The senators wrote to Treasury’s acting inspector general for tax administration that it’s “unconscionable that the IRS would become a weapon of the Trump Administration to extort its perceived enemies, but the actions of the President and his operatives have now made this fear a reality.”

In addition to asking for an investigation into the Harvard threats, Democrats want the watchdog to hand over information about whether the IRS has faced pressure from Trump or other administration officials to revoke the tax exempt status of other institutions besides Harvard.

Trump has criticized elite schools for a variety of reasons, including not doing more to rein in antisemitism and for their diversity, equity and inclusion efforts.

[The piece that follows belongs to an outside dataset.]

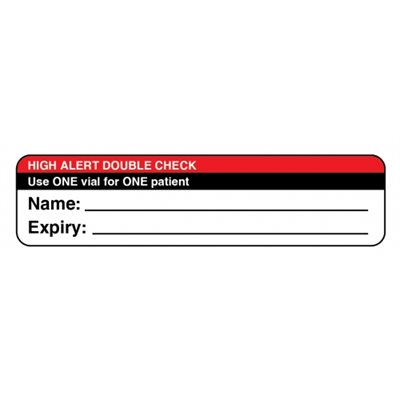 High Alert Double Check Label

The president specifically asked on social media last month whether Harvard “should lose its Tax Exempt Status and be Taxed as a Political Entity.”

The IRS reportedly started looking into that possibility shortly thereafter, though the White House has said that the president wouldn’t play any role in any investigation from the tax agency into Harvard.

Investigations into a nonprofit’s tax exemption frequently take years, and Schumer and the other senators noted that Harvard had the resources to fight back against just such a challenge.

But the Democrats also worried that smaller nonprofits would be much more vulnerable if they found themselves in the same situation.

“Church groups, hospitals, health clinics, or food banks could be next,” Schumer, Markey, Warren and Wyden wrote. “If the President is able to successfully target Harvard’s tax-exemption, anyone could be next.”

Jordain Carney contributed to this report.